Despite the elevated economic uncertainty, the outlook for the big Canadian banks for the remainder of 2022 remains positive, according to a new report from DBRS Morningstar.
The rating agency noted that the Big Six banks enjoyed a strong start to fiscal 2022, despite continued headwinds posed by the pandemic, inflation, and supply chain disruptions. First quarter earnings were up 11.6% on an aggregate basis, quarter over quarter, and up 17.1% year over year.

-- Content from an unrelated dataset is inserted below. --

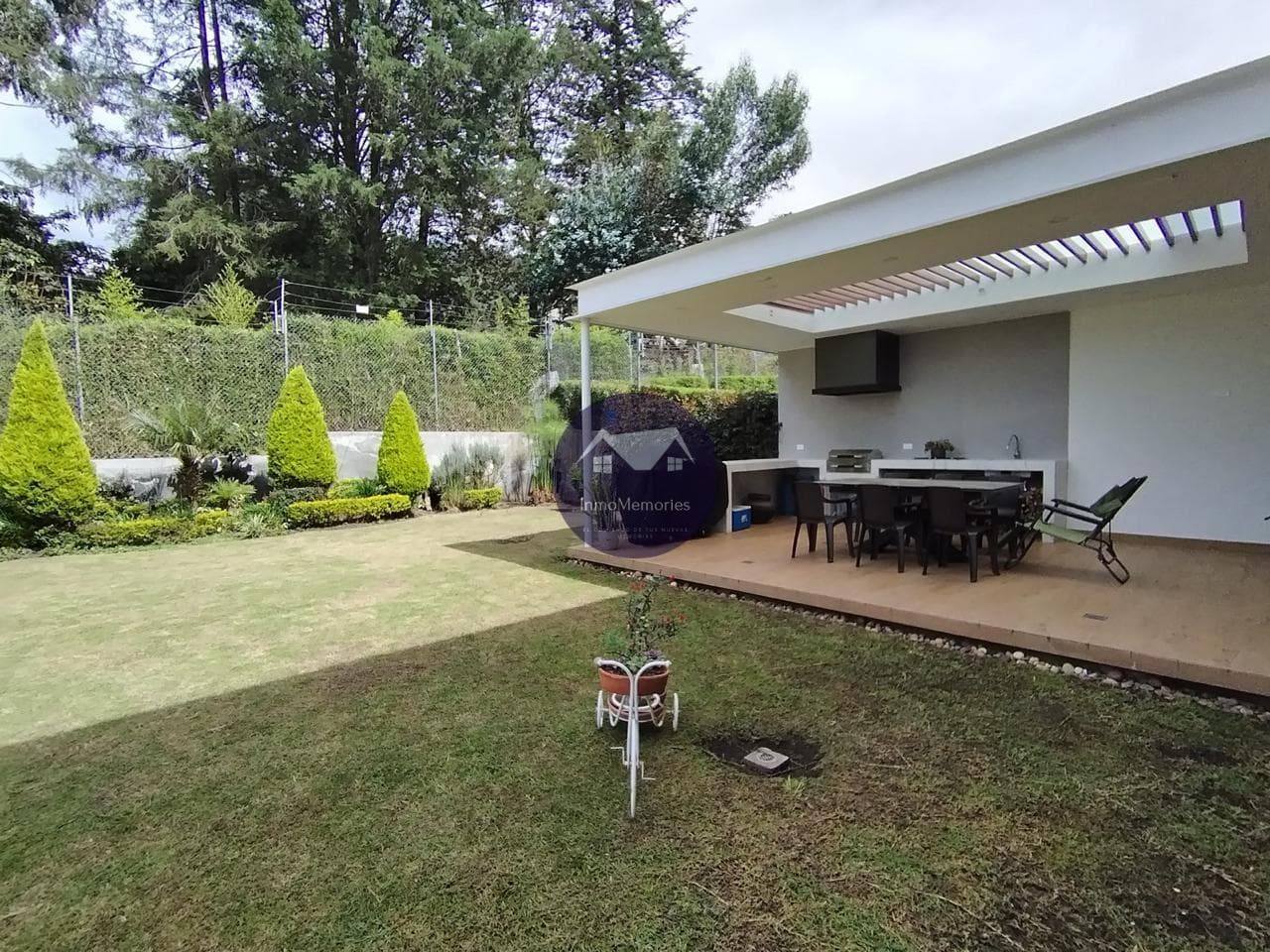 Hermosa casa en venta, Conjunto Exclusivo, Sector Rancho San Francisco - 1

“Quarterly earnings were boosted by higher revenues from volume-driven growth in interest income, increased trading revenues and fee-based income, and underwriting and other advisory activities,” the report said.
Looking ahead, DBRS said that rising interest rates and growth in higher margin loans (credit cards and auto loans) are expected to boost profitability, and help offset the potential increase in credit loss provisions from historically low levels.
However, economic uncertainty has increased due to Russia’s invasion of Ukraine, which may reduce global GDP growth.
At the same time, high household debt levels remain a concern too.
“In a rising interest rate environment, the magnitude and pace of interest rate increases could translate into credit-quality concerns and potential credit losses from higher debt-servicing costs, offsetting the benefit of higher rates on profitability,” said Carl De Souza, senior vice president, North American financial institutions group at DBRS, in a release.
“This concern would be amplified if a rapid tightening cycle and/or Russia’s invasion of Ukraine were to lead either the U.S. or the Canadian economies into a downturn,” he added.
Still, the banks’ balance sheets remain strong, “with robust capital and liquidity,” DBRS said.